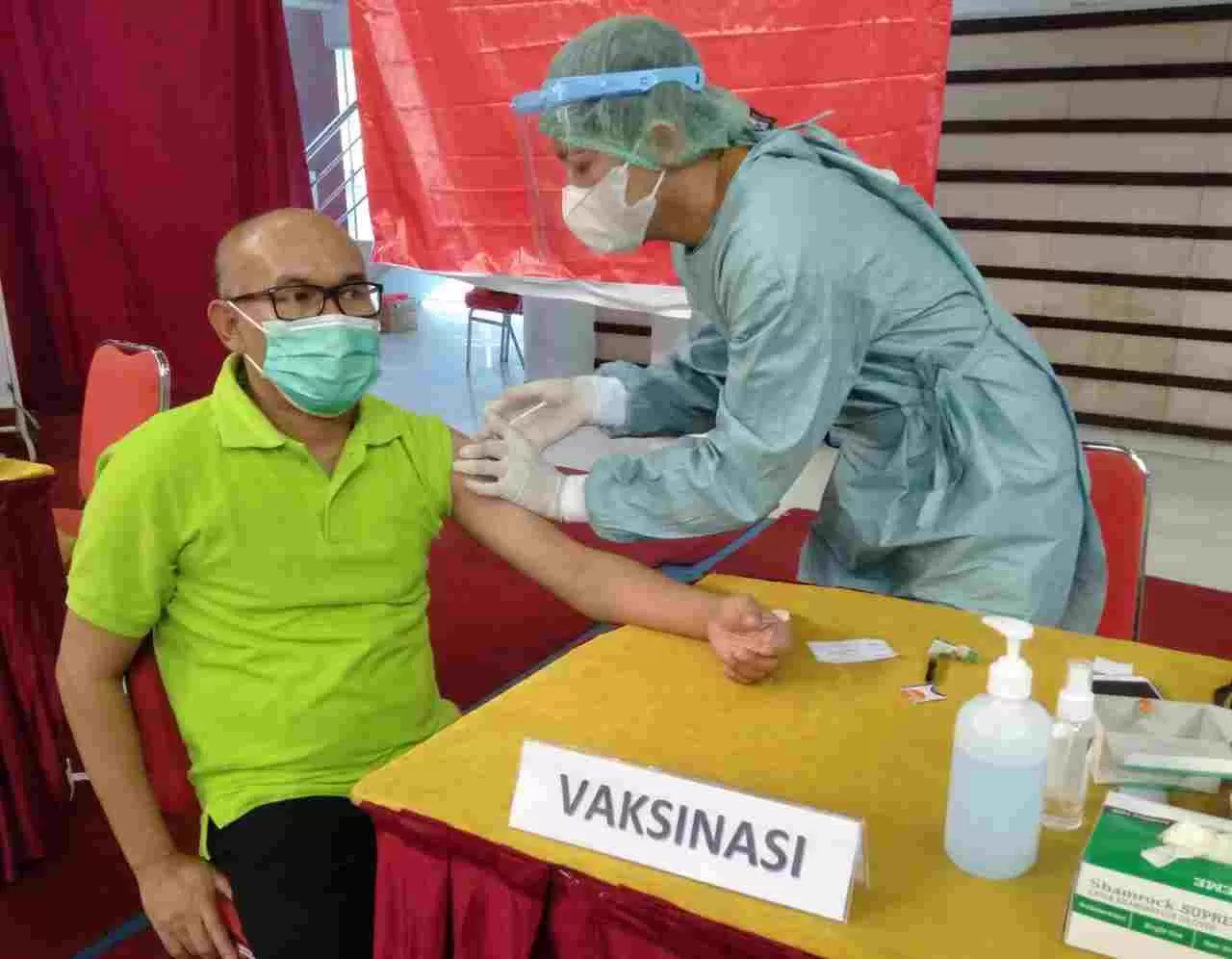 BENTUK KEKEBALAN TUBUH: GM PLN UIP Kalbagtim Muhammad Ramadhansyah menerima suntikan vaksin virus corona di BSCC Dome pada 27 Februari lalu. Selain itu, 50 dari 167 pegawai yang didaftarkan vaksinasi juga sudah disuntik untuk membentuk kekebalan tubuh.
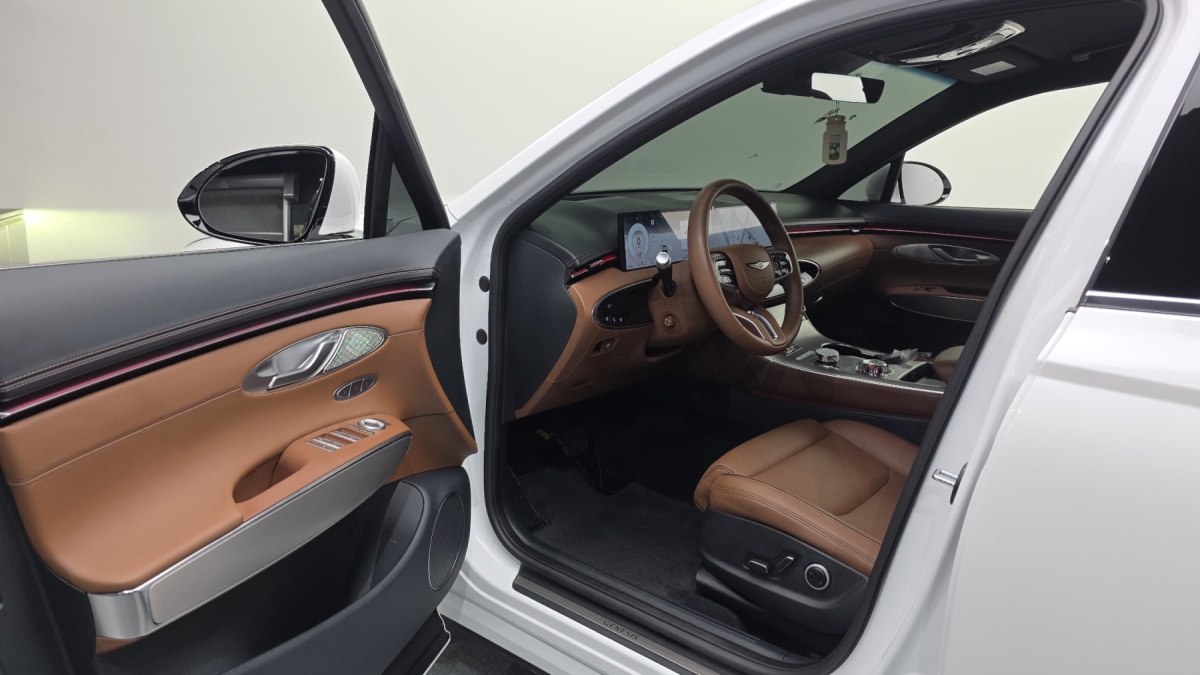 Genesis GV70, 2025 — фото 10 из 12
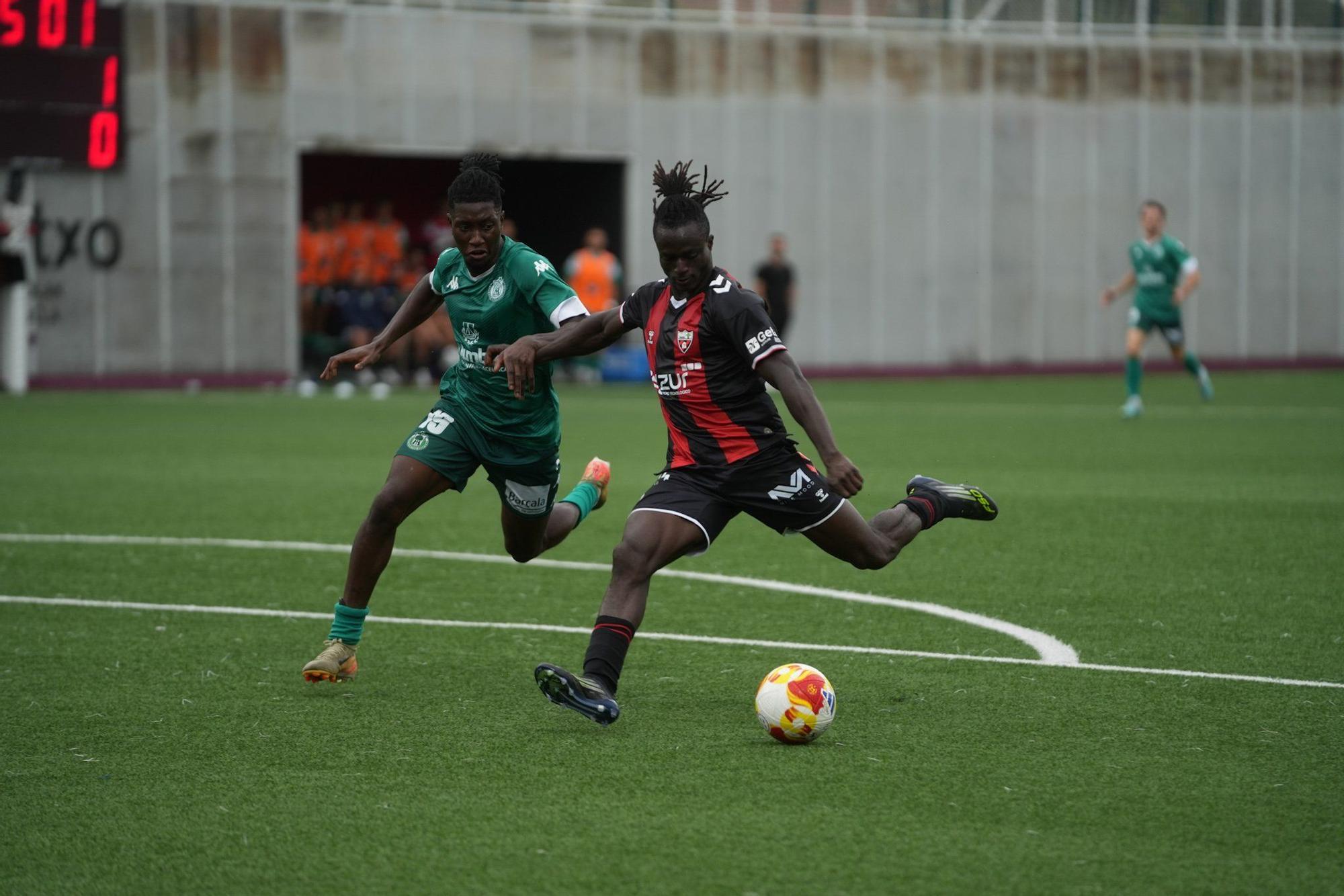En imágenes: El Arenas vence en su debut en Primera RFEF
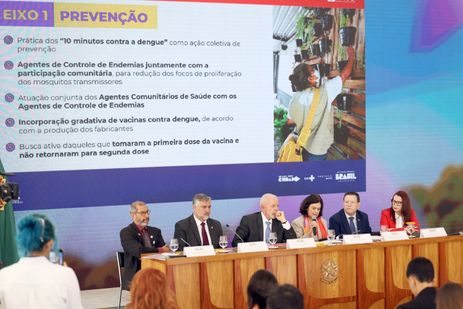 Brasília (DF), 09/18/2024 - Minister Paulo Pimenta, President Luiz Inácio Lula da Silva, Minister of Health Nísia Trindade and Executive Secretary of the Ministry of Health Swedenberger Barbosa during the launch ceremony of the 2024/2025 Action Plan to reduce the impacts of dengue and other arboviruses, at 11 am, at the Planalto Palace. Photo: José Cruz/Agência Brasil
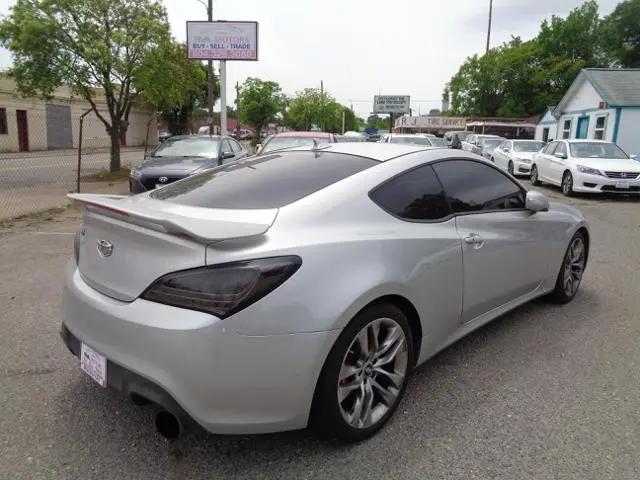 2010 Hyundai Genesis Coupe 3.8 Track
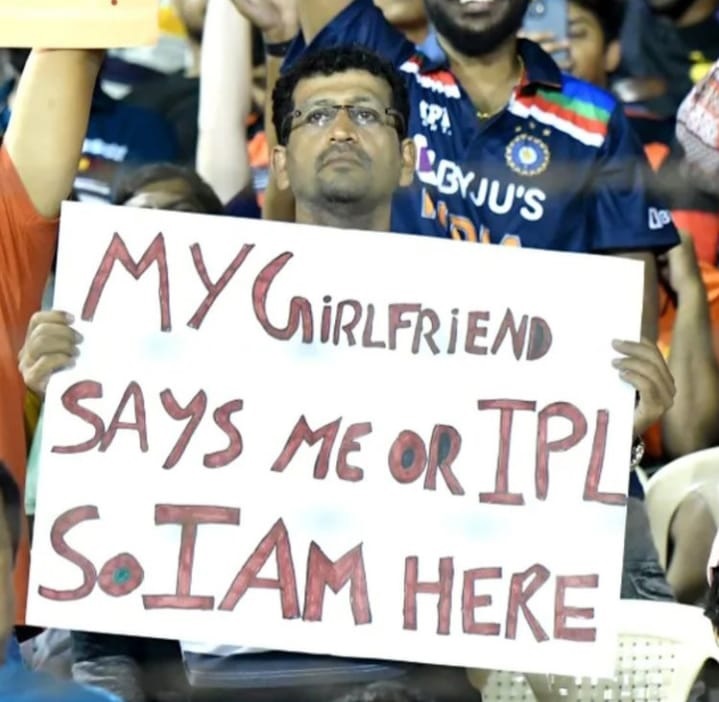 Girlfriend or choose one in IPL, fan's poster went viral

+++++

■ Your assignment ■
Exactly as written, restate the listing above with its pictures omitted.

■ Task result ■
 BENTUK KEKEBALAN TUBUH: GM PLN UIP Kalbagtim Muhammad Ramadhansyah menerima suntikan vaksin virus corona di BSCC Dome pada 27 Februari lalu. Selain itu, 50 dari 167 pegawai yang didaftarkan vaksinasi juga sudah disuntik untuk membentuk kekebalan tubuh.
 Genesis GV70, 2025 — фото 10 из 12
En imágenes: El Arenas vence en su debut en Primera RFEF
 Brasília (DF), 09/18/2024 - Minister Paulo Pimenta, President Luiz Inácio Lula da Silva, Minister of Health Nísia Trindade and Executive Secretary of the Ministry of Health Swedenberger Barbosa during the launch ceremony of the 2024/2025 Action Plan to reduce the impacts of dengue and other arboviruses, at 11 am, at the Planalto Palace. Photo: José Cruz/Agência Brasil
 2010 Hyundai Genesis Coupe 3.8 Track
 Girlfriend or choose one in IPL, fan's poster went viral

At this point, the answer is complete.